Patient 3. A 62-year-old Caucasian man with a 40-year history of episodic cluster headache presented to a headache center for recurrence. During the cycle, his headache started 1 hour after sleep, with each episode lasting 15 to 45 minutes. There were three to five episodes per day. Each cycle lasted 3 to 4 months. There were one to two cycles per year. During a recent cycle, he was treated with acupuncture two times per week for 10 sessions. He had no cluster attack following the second treatment session, even though he purposefully attempted to provoke an attack by drinking alcohol. He presented to the headache center again with recurrence of the headache 1 month after the last session of acupuncture treatment. His headache was building at the time of examination. His visual analogue scale score went up from 3 to 7 within 5 minutes, with a left-side red and watery eye and ptosis.

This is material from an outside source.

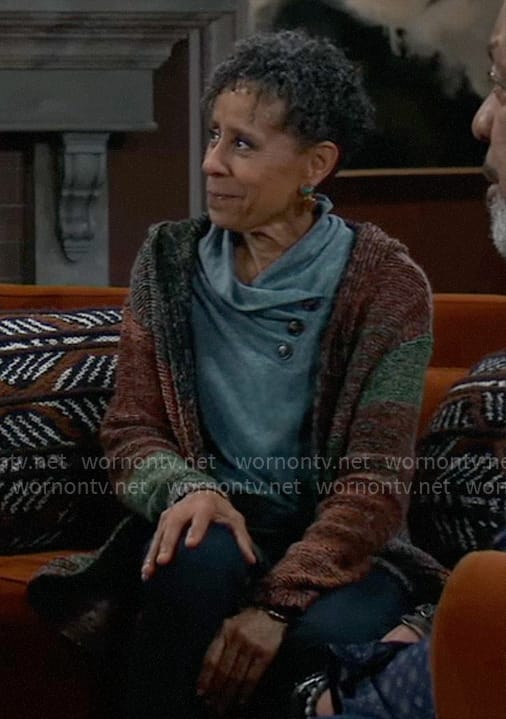 Stella's grey buttoned neck top on General Hospital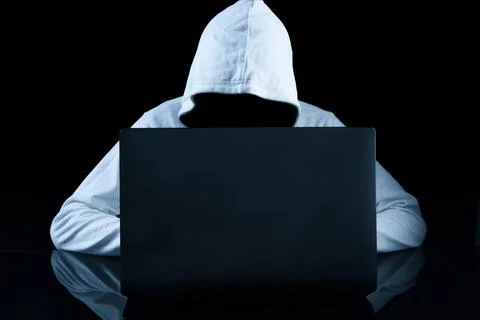 Computer hacker stealing data from a laptop concept for network security 스톡 사진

A physical examination found painful spots at the left-side infraorbital region, lateral canthus, splenius capitis muscle, and semispinalis capitis muscle. The pain location and quality, and red tongue with yellowish coating were consistent with a diagnosis of hyperactivity of stomach fire (excessive yang of stomach) (55). The treatment principle was to rebalance the yin and yang. A draining technique was applied to the yang points of stomach meridian 2, bladder meridian 10, and gallbladder meridian 20, as well as the Ashi points at the orbital-frontal regions. The yin point spleen meridian 6 and kidney meridian 3 were tonified. Each point was manipulated for 10 to 20 seconds alternatively, and the pain score went down to 0 within 5 minutes of needling. The autonomic symptoms resolved at the same time. After two treatment sessions, the attack frequency remained the same but with a 50% reduction in attack intensity and duration. He requested resuming western medical therapy, despite the trend of improvement, due to financial concerns.